▶ Source data:
____________________
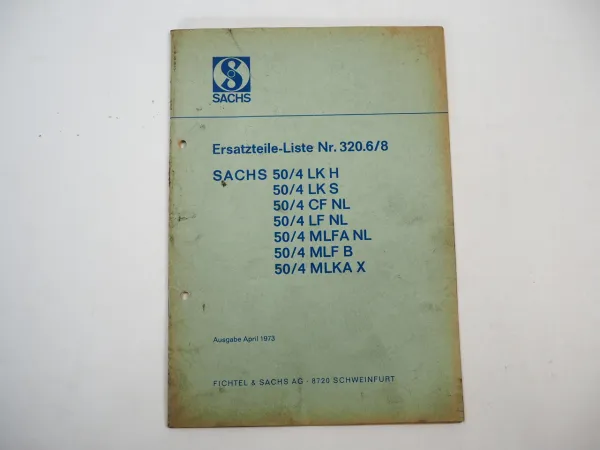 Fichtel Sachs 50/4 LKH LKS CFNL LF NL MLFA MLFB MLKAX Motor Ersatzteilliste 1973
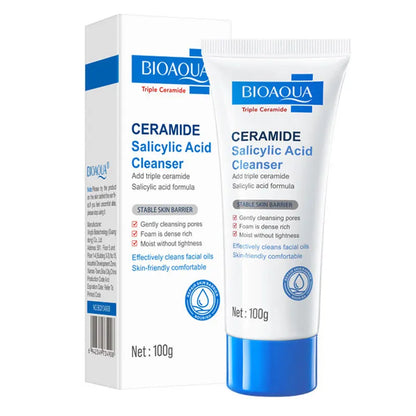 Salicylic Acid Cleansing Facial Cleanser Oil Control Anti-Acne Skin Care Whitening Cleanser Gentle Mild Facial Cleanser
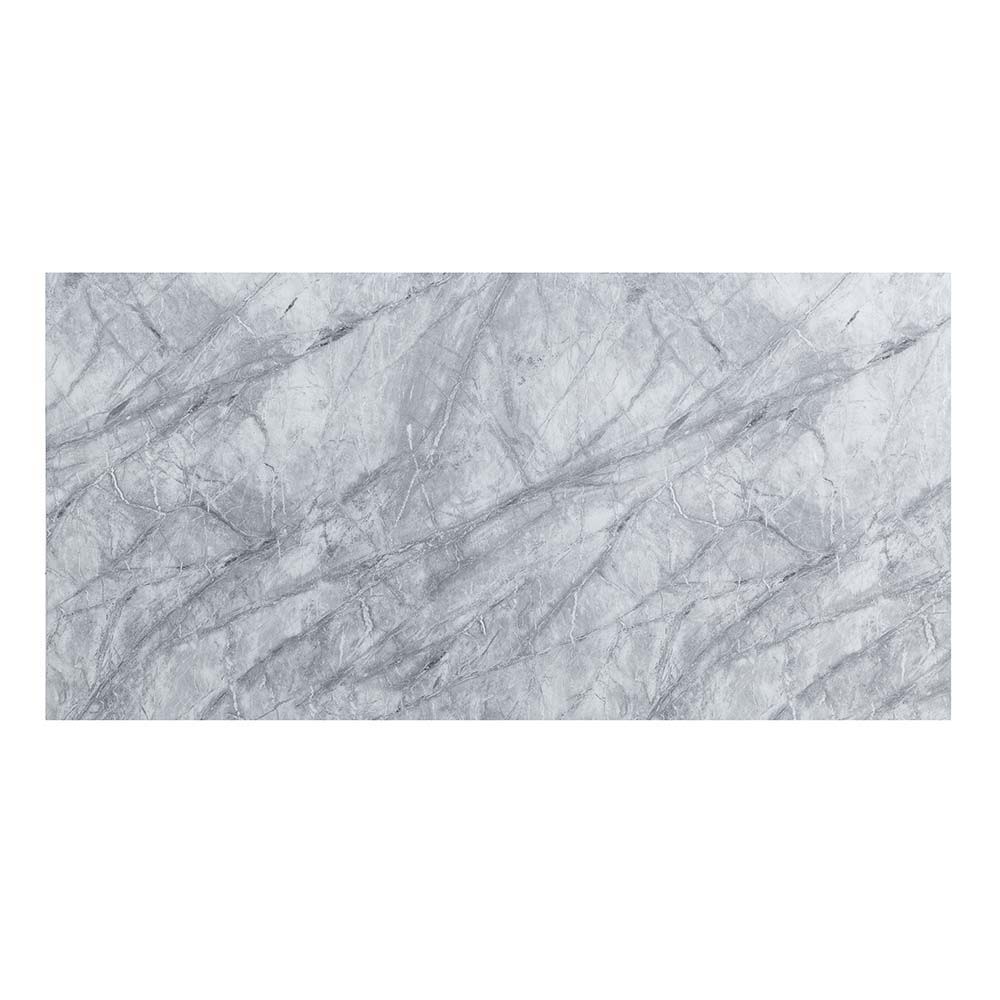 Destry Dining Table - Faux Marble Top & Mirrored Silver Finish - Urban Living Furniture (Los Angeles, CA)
____________________
▶ Required action: Give back the whole listing exactly; no pictures.

▶ Expected answer:
 Fichtel Sachs 50/4 LKH LKS CFNL LF NL MLFA MLFB MLKAX Motor Ersatzteilliste 1973
 Salicylic Acid Cleansing Facial Cleanser Oil Control Anti-Acne Skin Care Whitening Cleanser Gentle Mild Facial Cleanser
 Destry Dining Table - Faux Marble Top & Mirrored Silver Finish - Urban Living Furniture (Los Angeles, CA)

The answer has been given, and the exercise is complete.